The press release explained that the indictment alleged that—

In late 2010, Sena was assigned by Sandia to manage the bidding process for the award of a contract for moving services at SNL. In anticipation thereof, Sena created New Mexico Express Movers LLC (‘Movers LLC’), prepared a bid on Movers LLC’s behalf, and submitted the bid to Sandia under someone else’s name to conceal her involvement. Sena made several material and fraudulent misrepresentations in Movers LLC’s bid that would have resulted in disqualification, but she used her position at SNL to ensure that these misrepresentations went undetected. Sena also used her position to access other bidders’ documents and information that she in turn leveraged to ensure award of the contract to Movers LLC. As a direct result of Sena’s scheme to defraud, Movers LLC received approximately $2.3 million in DOE funds. The indictment further alleges that, between December 2011 and April 2015, Sena transferred via negotiated checks at least $643,000 of these fraudulently obtained proceeds to legitimate businesses owned by her father with the intent to conceal her subsequent use of the proceeds for personal gain.

The Albuquerque Journal added a couple of more details, courtesy of an article written by Maggie Shepard. The article reported—

Federal prosecutors say Sena worked from 2006 to 2017 as a procurement employee responsible for managing and awarding contracts to companies supplying services and materials to the federal lab. From this position, she used inside information to develop the lowest – and therefore the winning – bid for a contract for moving services in late 2010, prosecutors say. That bid was awarded to a company she created eight days before the bid due date using a mailbox rented in her daughter’s name and a bank account shared with her then-husband, according to the indictment.

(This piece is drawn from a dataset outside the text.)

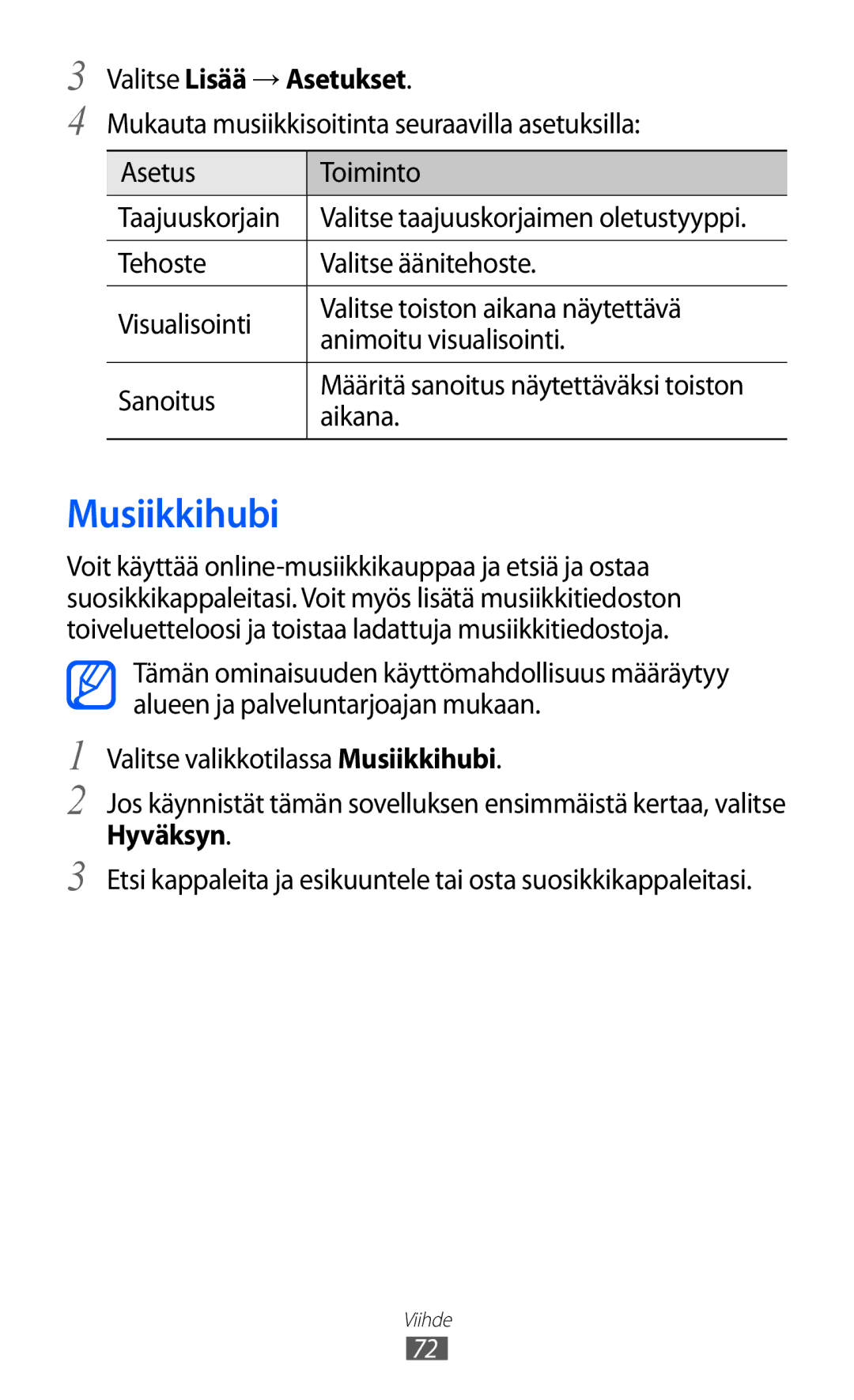 Samsung GT-S8600HKANEE manual Musiikkihubi, Valitse Lisää → Asetukset, Aikana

Authorities say she used her position to disqualify another bidding company because it had not included sufficient customer references, a bid requirement her manufactured company met – although her company never existed. … She retired from Sandia in 2017, spokeswoman Sue Holmes said Wednesday. Holmes said that the issue ‘was discovered internally’ and that the labs cooperated fully with authorities. Holmes said the labs employ 115 procurement staffers, and the indictment says that Sena was one of only three employees authorized to process bids through high levels of the approval process.

The thing is that we’re talking about moving services, for heaven’s sake. How prosaic! Why would a supervisor or manager worry about fraud in a subcontract award for moving services—especially from a trusted buyer who was one of the most seniors buyers in the organization?

Which is the point of this little article.

It’s the little things that slide under the radar that can lead to corrupt behavior. While everybody is focused on the big subcontract awards, the technically challenging ones, the ones valued in the hundreds of millions of dollars, the little awards for mundane items or services tend to fall through the cracks. So you need to watch those little ones just as closely as you watch the big awards.

Perhaps even more closely.

We are reminded of a time, a decade or so ago, when we were part of an investigation of a crooked Contracting Officer’s Representative (sometimes called a “COTR”). That guy was crooked, no doubt about it. But it was the little things that caused him to be charged, eighteen months before his scheduled retirement. Little things like directing the base contractor to order vehicle fleet replacement tires from the shop owned by his brother-in-law, or directing that the contractor obtain insurance for the (contractor-acquired) trucks that he and his wife drove—insurance that listed them as beneficiaries, instead of the government. The bigger things he could explain away; but it was the little things that tripped him up.

So pay attention to the little things because, if you don’t, you might find that your trusted senior-level employee has taken advantage of the situation you created when you focused your attention elsewhere.